As más companhias foram as intermediárias na ligação à Alemanha Nazi de Hitler. Alex Villaplane era má rés e foi recrutado para ser informador da Gestapo em Paris. Além de colaborar com os nazis, foi aproveitando para enriquecer à medida que prendia, torturava e matava judeus, membros da resistência francesa e todos aqueles que fossem considerados inimigos do Terceiro Reich.
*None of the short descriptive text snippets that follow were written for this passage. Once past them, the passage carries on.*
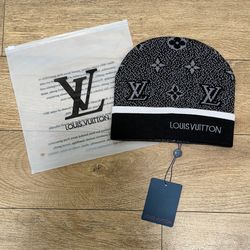 Black and white beanie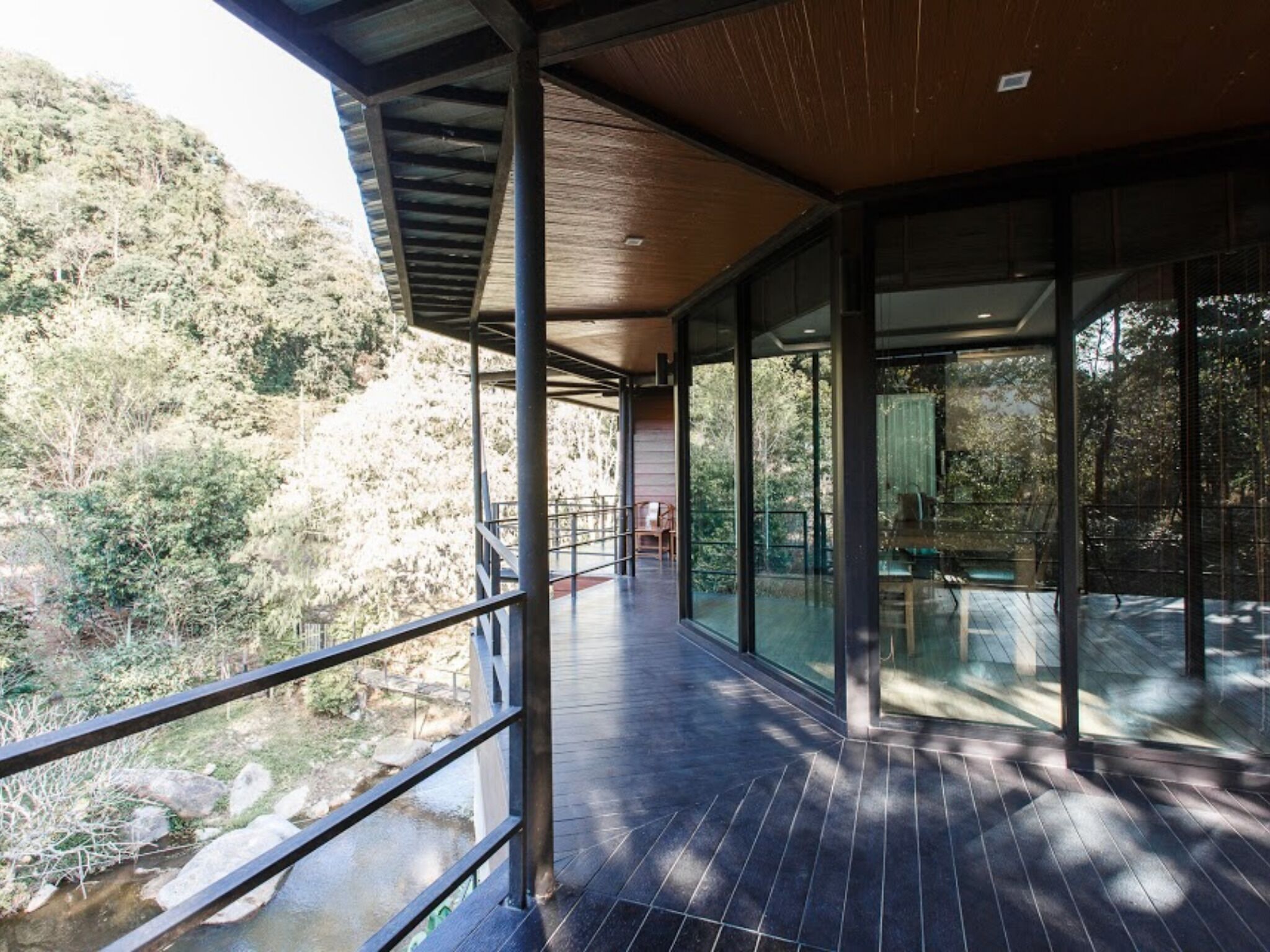The Stream House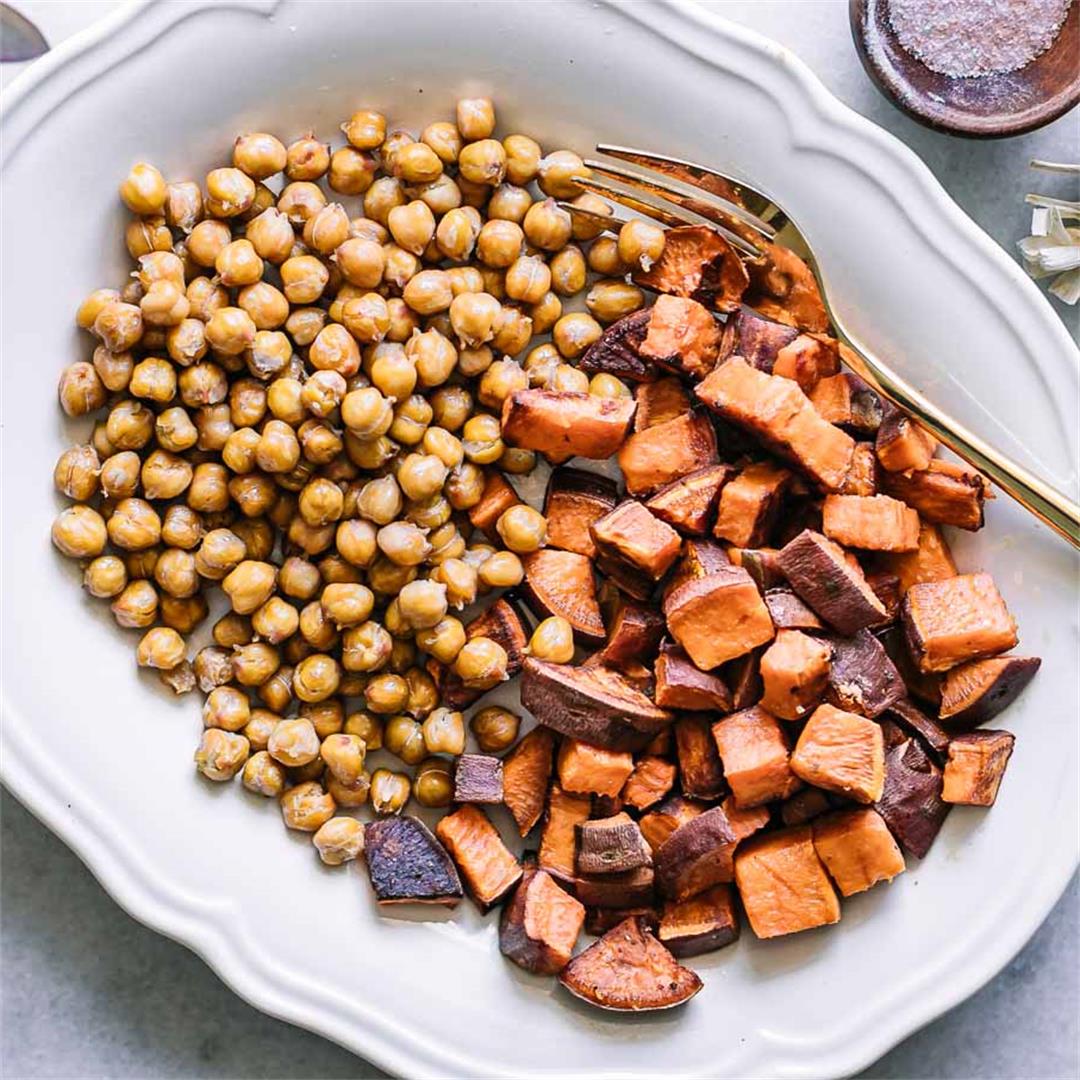 Roasted Sweet Potatoes and Chickpeas ⋆ 5 Ingredients + 40 Mins!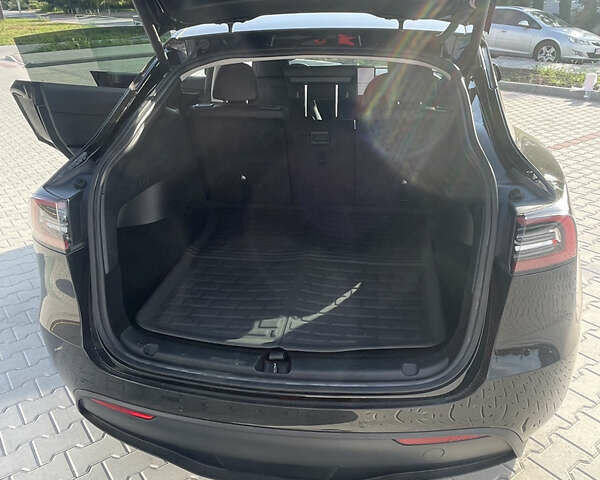 Чорний Тесла Model Y, об'ємом двигуна 0 л та пробігом 43 тис. км за 28300 $, фото 43 на Automoto.ua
Depois de atuar em Paris, com uniformes da SS, Alex Villaplane foi promovido a uma unidade especial encarregada de «limpar» a região de Périgord. Nomeado Segundo-Tenente das SS na Brigada Norte-Africana, passou a ser conhecido por SS Mohammed, numa unidade que fez fama pela força exageradamente cruel, até para as medidas nazis.
Virar o bico ao prego
Não demorou muito até Villaplane perceber que a Alemanha Nazi estava a perder a guerra. Calculista como sempre, começou a deixar prisioneiros escaparem, passando a mensagem que só estava a colaborar com os nazis para ajudar os franceses.
Na verdade, Villaplane sempre demonstrou abertura à possibilidade de fuga. De acordo com uma testemunha no julgamento de 1944, Villaplane chegou a uma aldeia garantindo que os nazis o obrigavam a fazer coisas terríveis, que não tinha outra alternativa, mas que estaria disposto a esquecer o assunto e deixar os prisioneiros escaparem… a troco de 440 mil francos franceses.
Era este o modo de operação da sua brigada. Fazer o que os nazis queriam mas, de preferência, enriquecendo pelo caminho. A sua mentalidade vigarista foi salientada durante o julgamento. «Era diferente da dos outros membros do gangue. Ele próprio admite que é um esquema. Diria que, tendo estudado o seu ficheiro, ele é um vigarista, um vigarista nato. Os vigaristas têm um atributo que é indispensável para os seus negócios: dar espetáculo. Isto é necessário para enganar as vítimas e fazer com que lhes deem o que querem. Ele usou isso para fazer o pior tipo de chantagem: a chantagem da esperança», afirmou o procurador.
O destino de Villaplane estava traçado. A 1 de dezembro de 1944 foi condenado por alta traição, espionagem, atos de barbárie e envolvimento direto em dez homicídios, e sentenciado com a pena de morte. Dias depois, a 26 de dezembro, foi executado por um membro da Resistência Francesa. Menos de 15 anos depois do dia mais feliz da sua vida.